De cuando en cuando surgen obras artísticas que despiertan encendidos debates. Son aquellas que ponen el dedo en la llaga en el momento exacto en el que nadie puede hacerse el distraído, imposible que pasen inadvertidas por los temas que abordan y no por la campaña de marketing. Es casi seguro que Relatos salvajes será un éxito de taquilla, pero también lo es que la película de Damián Szifrón despertará polémica en aquellos que la vean.
Hay un tema que atraviesa los seis episodios del film que representó a la Argentina en el último Festival de Cannes: la violencia inmanente. Es probable que, como de costumbre, en los debates existan los que digan que la película, al ser local, habla de la violencia en nuestra sociedad, donde resultaría particularmente llamativa. Como de costumbre, cuando se sostiene que Argentina posee un elemento particular, tan sólo se deja en evidencia que se desconocen otros países y sociedades donde se producen similares actos corruptos, solidarios o lo que sirva al anecdotario del instante. La violencia que arranca nerviosas carcajadas en las dos horas que dura Relatos salvajes es nuestra, pero lo es por pertenecer a la especie humana y no por haber nacido por azar en un territorio determinado.
Ya desde los títulos iniciales Szifrón da a entender su concepción de la violencia social: las personas viven en un territorio hostil que termina por transformarlos en animales.
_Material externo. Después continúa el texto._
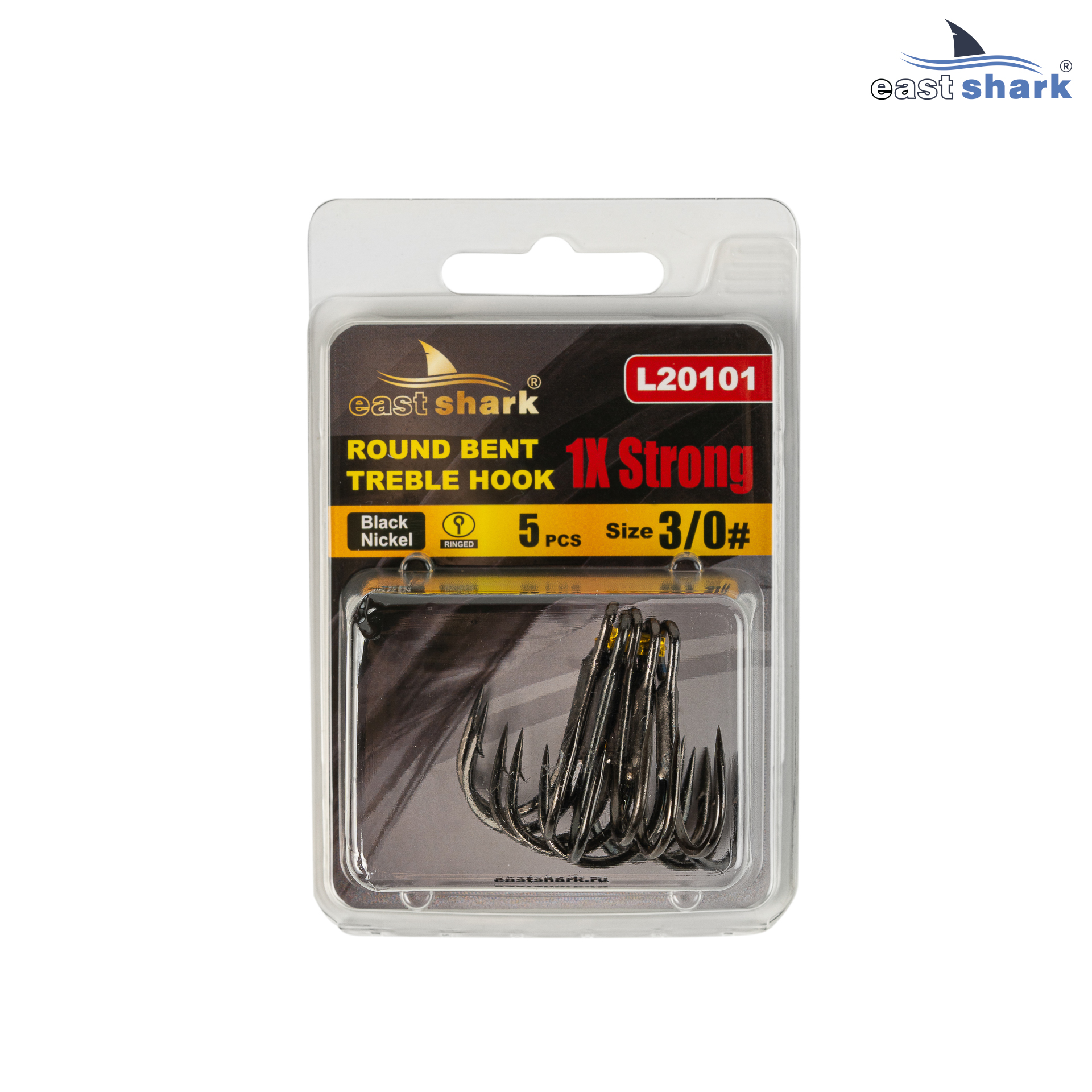 Крючок тройной EastShark 1x Strong Treble Hook №3/0 (уп.5 шт)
Ese terreno puede ser una ruta de paso –una curiosidad: los dos episodios que hacen referencia a las clases bajas, el segundo (con Julieta Zylberberg) y el tercero (con Leonardo Sbaraglia), no muestran sus hogares sino lugares por donde transitan–, pasillos burocráticos –el capítulo con Ricardo Darín–, una casona de San Isidro –con Oscar Martínez– o un salón de fiestas –con Erica Rivas–. Quizás la objeción que se le podría hacer a esa concepción es que si uno se detiene en lo expuesto en el film, los personajes que conforman el concierto de Relatos salvajes son, en definitiva, no un amplio abanico como se anuncia en los títulos sino pequeños ratoncitos arrinconados por los laberintos de su sociedad que sólo atinan a matar a otros ratoncitos –a excepción del episodio con Darín–. No se trata en esta posmodernidad de que Hobbes haya tenido razón y el hombre sea el lobo del hombre, sino de que pareciera ser mucho más patético: “El hombre es el ratón del hombre”.
Habla, así, el autor de Los simuladores y Hermanos y detectives, de seres humanos acorralados, atosigados, que con el disparador indicado explotan –en algunos casos, literalmente– y deciden hacer justicia por mano propia –a excepción del personaje de Oscar Martínez, que directamente opta por anular la justicia, por comprarla–. Y ése es otro de los elementos que recorre los seis episodios: la ausencia absoluta de justicia, recurrir a la venganza como último recurso ante la ineficacia de las instituciones.
Como para confirmar la hipótesis de la humanidad reducida a una fauna, los ratones/personajes ven un enemigo en el resto de los animalitos, casi nunca un integrante solidario que atraviesa las mismas penurias, cuando justamente el ser humano es desde los tiempos de las cavernas solidario para suplir falencias frente a un medio hostil. El ser humano posmoderno, tal como muestra Relatos salvajes, ha perdido las características que lo transformaron en homo sapiens, y si bien utiliza su raciocinio para tareas rudimentarias, no está unido al resto de los integrantes de su especie y cualquier excusa pareciera ser suficiente para reducirlo a su faceta animal.
Suponer que la hipótesis certera de un ser humano degradado aplica sólo al contexto argentino o que las vicisitudes del personaje de Darín con la burocracia refieren sólo al gobierno de la Ciudad de Buenos Aires constituiría un error grave. Reducir el planteo tan interesante como arriesgado de Szifrón al ínfimo e irrelevante contexto argentino implicaría dejar por una vez de lado la indignación habitual ante los dislates anecdóticos para abocarse a una preocupación trascendental: la especie se ha degradado, edificó instituciones que dejan a los individuos desprotegidos y los transforma en simples animales que disfrutan el precario placer de alguna novedad tecnológica pero que no saben bien para qué viven, que se resienten y que terminan por estallar con cualquier excusa.